* _Activity_: Give the data again, word for word.

(Extracted data entries)
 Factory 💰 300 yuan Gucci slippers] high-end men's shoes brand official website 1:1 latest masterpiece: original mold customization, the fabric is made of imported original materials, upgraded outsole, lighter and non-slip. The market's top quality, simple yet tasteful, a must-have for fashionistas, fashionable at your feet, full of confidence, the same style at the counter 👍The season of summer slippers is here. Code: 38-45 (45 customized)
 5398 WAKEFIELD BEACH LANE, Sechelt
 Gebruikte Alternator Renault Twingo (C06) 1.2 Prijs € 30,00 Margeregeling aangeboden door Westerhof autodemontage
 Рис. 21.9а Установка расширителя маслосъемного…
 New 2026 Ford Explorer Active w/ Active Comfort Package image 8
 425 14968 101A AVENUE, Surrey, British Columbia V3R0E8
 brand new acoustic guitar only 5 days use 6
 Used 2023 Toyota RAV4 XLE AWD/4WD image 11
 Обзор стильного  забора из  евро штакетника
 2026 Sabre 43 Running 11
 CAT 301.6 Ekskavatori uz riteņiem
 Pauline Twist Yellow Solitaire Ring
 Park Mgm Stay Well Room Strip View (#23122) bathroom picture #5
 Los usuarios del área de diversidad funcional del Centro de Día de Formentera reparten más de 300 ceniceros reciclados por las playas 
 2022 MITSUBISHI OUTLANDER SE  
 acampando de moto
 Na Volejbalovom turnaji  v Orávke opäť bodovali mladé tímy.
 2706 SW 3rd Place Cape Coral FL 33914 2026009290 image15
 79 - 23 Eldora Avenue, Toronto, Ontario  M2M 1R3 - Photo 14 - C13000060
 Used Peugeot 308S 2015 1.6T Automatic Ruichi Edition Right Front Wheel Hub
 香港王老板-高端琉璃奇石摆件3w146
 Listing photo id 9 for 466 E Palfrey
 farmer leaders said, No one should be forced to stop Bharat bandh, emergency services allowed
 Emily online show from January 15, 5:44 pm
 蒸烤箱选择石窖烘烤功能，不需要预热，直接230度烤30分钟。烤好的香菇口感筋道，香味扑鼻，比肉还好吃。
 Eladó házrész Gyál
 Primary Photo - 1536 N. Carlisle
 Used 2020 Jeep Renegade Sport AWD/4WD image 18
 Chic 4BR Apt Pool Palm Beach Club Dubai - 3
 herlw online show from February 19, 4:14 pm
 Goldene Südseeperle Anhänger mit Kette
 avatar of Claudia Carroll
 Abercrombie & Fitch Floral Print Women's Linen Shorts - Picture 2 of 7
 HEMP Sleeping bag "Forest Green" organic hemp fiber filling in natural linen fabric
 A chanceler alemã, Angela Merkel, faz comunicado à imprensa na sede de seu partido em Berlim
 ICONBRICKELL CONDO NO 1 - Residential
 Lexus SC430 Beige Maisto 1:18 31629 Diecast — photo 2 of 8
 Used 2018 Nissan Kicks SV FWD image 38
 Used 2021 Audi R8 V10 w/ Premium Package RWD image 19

* _Final answer_:
 Factory 💰 300 yuan Gucci slippers] high-end men's shoes brand official website 1:1 latest masterpiece: original mold customization, the fabric is made of imported original materials, upgraded outsole, lighter and non-slip. The market's top quality, simple yet tasteful, a must-have for fashionistas, fashionable at your feet, full of confidence, the same style at the counter 👍The season of summer slippers is here. Code: 38-45 (45 customized)
 5398 WAKEFIELD BEACH LANE, Sechelt
 Gebruikte Alternator Renault Twingo (C06) 1.2 Prijs € 30,00 Margeregeling aangeboden door Westerhof autodemontage
 Рис. 21.9а Установка расширителя маслосъемного…
 New 2026 Ford Explorer Active w/ Active Comfort Package image 8
 425 14968 101A AVENUE, Surrey, British Columbia V3R0E8
 brand new acoustic guitar only 5 days use 6
 Used 2023 Toyota RAV4 XLE AWD/4WD image 11
 Обзор стильного  забора из  евро штакетника
 2026 Sabre 43 Running 11
 CAT 301.6 Ekskavatori uz riteņiem
 Pauline Twist Yellow Solitaire Ring
 Park Mgm Stay Well Room Strip View (#23122) bathroom picture #5
 Los usuarios del área de diversidad funcional del Centro de Día de Formentera reparten más de 300 ceniceros reciclados por las playas 
 2022 MITSUBISHI OUTLANDER SE  
 acampando de moto
 Na Volejbalovom turnaji  v Orávke opäť bodovali mladé tímy.
 2706 SW 3rd Place Cape Coral FL 33914 2026009290 image15
 79 - 23 Eldora Avenue, Toronto, Ontario  M2M 1R3 - Photo 14 - C13000060
 Used Peugeot 308S 2015 1.6T Automatic Ruichi Edition Right Front Wheel Hub
 香港王老板-高端琉璃奇石摆件3w146
 Listing photo id 9 for 466 E Palfrey
 farmer leaders said, No one should be forced to stop Bharat bandh, emergency services allowed
 Emily online show from January 15, 5:44 pm
 蒸烤箱选择石窖烘烤功能，不需要预热，直接230度烤30分钟。烤好的香菇口感筋道，香味扑鼻，比肉还好吃。
 Eladó házrész Gyál
 Primary Photo - 1536 N. Carlisle
 Used 2020 Jeep Renegade Sport AWD/4WD image 18
 Chic 4BR Apt Pool Palm Beach Club Dubai - 3
 herlw online show from February 19, 4:14 pm
 Goldene Südseeperle Anhänger mit Kette
 avatar of Claudia Carroll
 Abercrombie & Fitch Floral Print Women's Linen Shorts - Picture 2 of 7
 HEMP Sleeping bag "Forest Green" organic hemp fiber filling in natural linen fabric
 A chanceler alemã, Angela Merkel, faz comunicado à imprensa na sede de seu partido em Berlim
 ICONBRICKELL CONDO NO 1 - Residential
 Lexus SC430 Beige Maisto 1:18 31629 Diecast — photo 2 of 8
 Used 2018 Nissan Kicks SV FWD image 38
 Used 2021 Audi R8 V10 w/ Premium Package RWD image 19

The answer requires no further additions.